So far in 2019, 23 percent of former Chevy Cruze owners and 31 percent of former Ford Focus owners bought a car from a competitor, the online car sales website said in a report Wednesday.
"Ford and GM made a strategic decision to prioritize profit at the expense of market share," Jessica Caldwell, Edmunds' executive director of insights, said in a statement. "While this may set them up better in the long run so they have the cash they need to fund electrification and autonomy, there's no question that decision is giving their competitors an edge now."
Former Focus owners' brand loyalty declined over the last three years from 40 percent in 2016 to 33 percent through September 2019, the report said. Former Cruze owners' loyalty declined from 57 percent in 2016 to 45 percent in 2019.

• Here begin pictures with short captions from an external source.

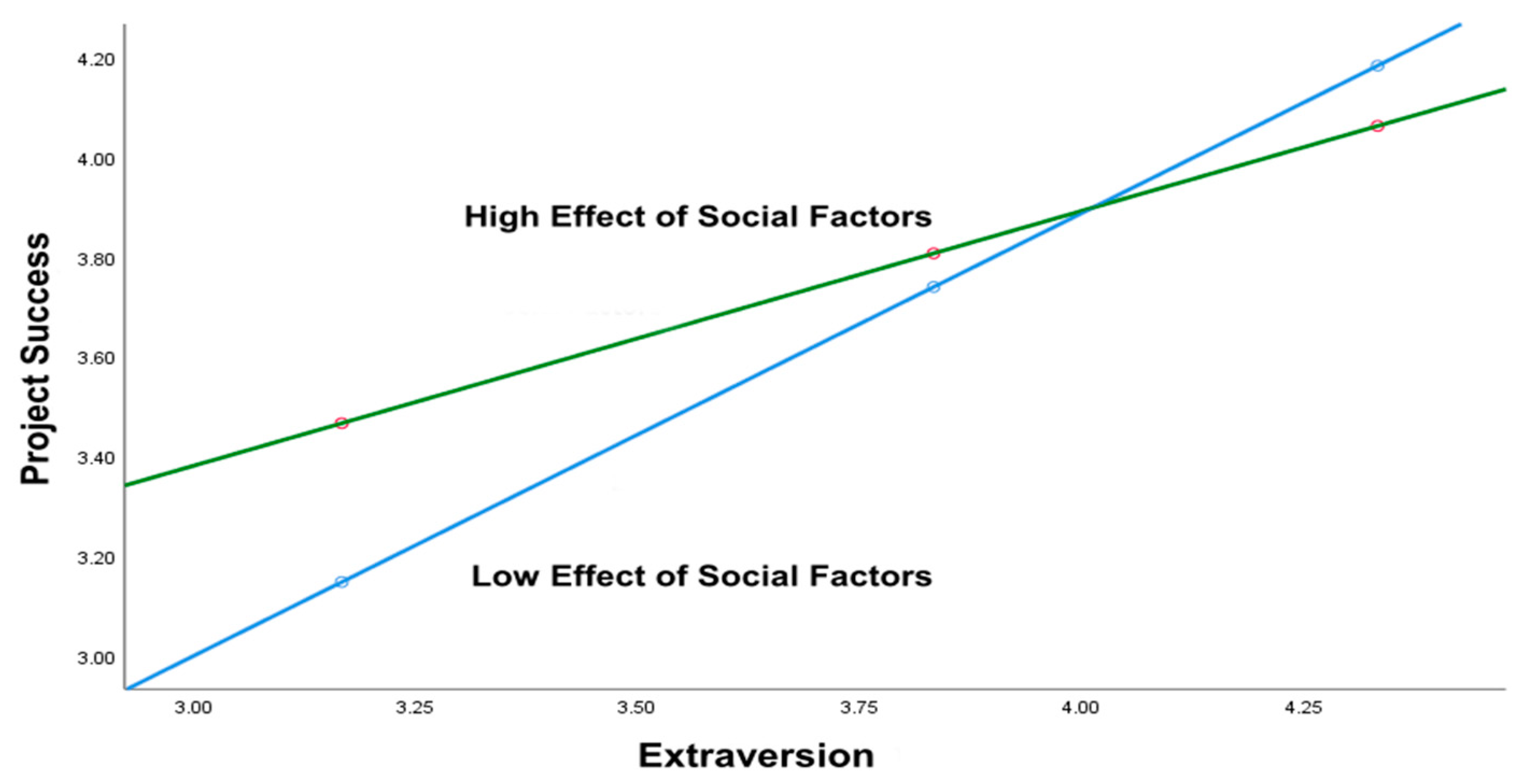 Sustainability 13 09477 g006 Sustainability 13 09477 g006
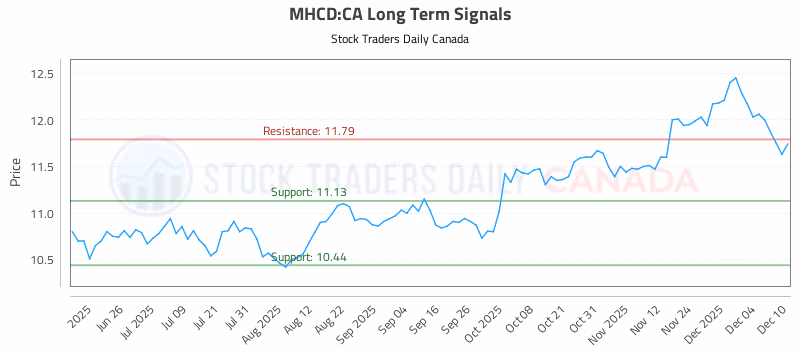 Stock Chart for MHCD:CA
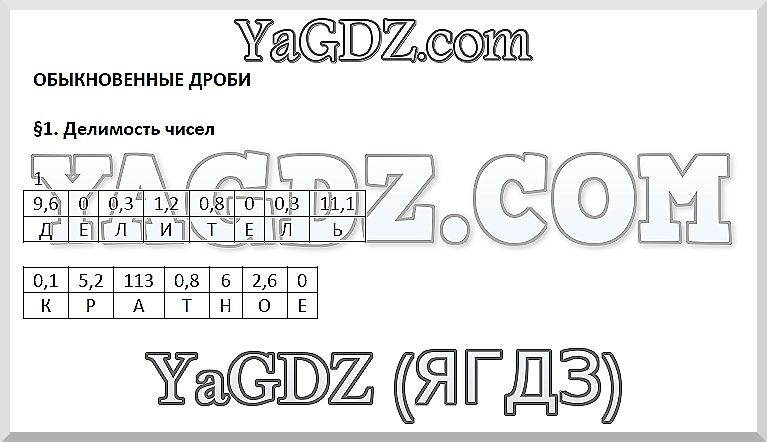 Часть 1. Задания из учебника: 1 - решение Часть 1. Задания из учебника: 1 - решение
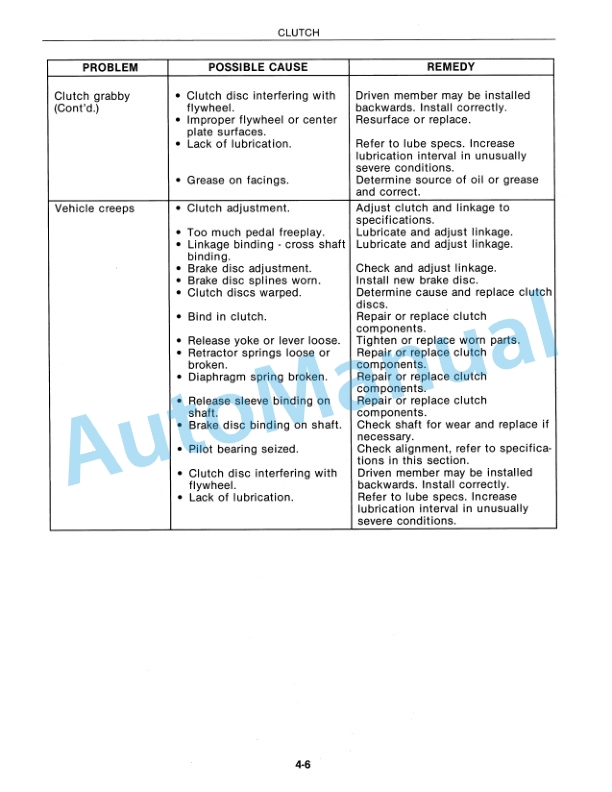 Ford New Holland 1156 Tractor Service Manual 40115610 3 Ford New Holland 1156 Tractor Service Manual 40115610 - Image 3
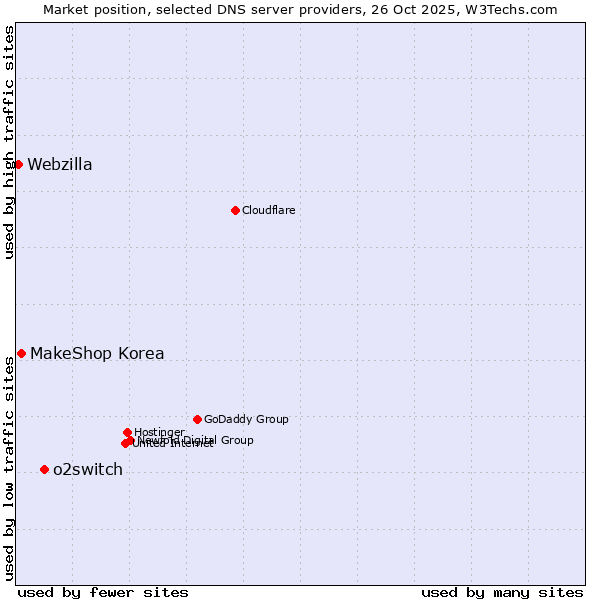 Market position of o2switch vs. MakeShop Korea vs. Webzilla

The study showed 21 percent of Focus and 22 percent of Cruze trade-ins go toward the purchase of a compact car, many of those cars being Honda Civics or Toyota Corollas.
"The number of Focus and Cruze owners trading their vehicles in and buying a small Jeep [Compass or Renegade], Hyundai Kona or Elantra, Kia Forte or Subaru Crosstrek have all risen in the last three years," the study said.
In an emailed statement to Automotive News, GM spokesman Jim Cain said: “Chevrolet trucks and crossovers are offsetting lower car sales. The proof is in registrations, and registrations don’t lie. Dig deeper and you’ll see that key competitors -- Ford, Nissan, Toyota, Jeep and Chrysler, among others -- are losing significant chunks of retail market share. We’re doing fine.”
The study said 21 percent of Cruze owners and 18 percent of Focus owners traded in their cars for the corresponding brand's crossovers or SUVs in 2019. Edmunds analysts said the cost increase of a small crossover or SUV — between $4,000 and $8,000 more than a small car — puts pressure on younger and "price-sensitive" buyers.
"The catch is, if Ford and GM don't have affordable options for shoppers who are buying their first or second new car, it could be much harder to win them over later," Caldwell said in the statement. "Catching consumers early and keeping them in the family has been a basic tenet of automotive brand strategy for decades.
"It feels like we're in the midst of a transformative time for the industry where automakers are being forced to rethink everything," she said.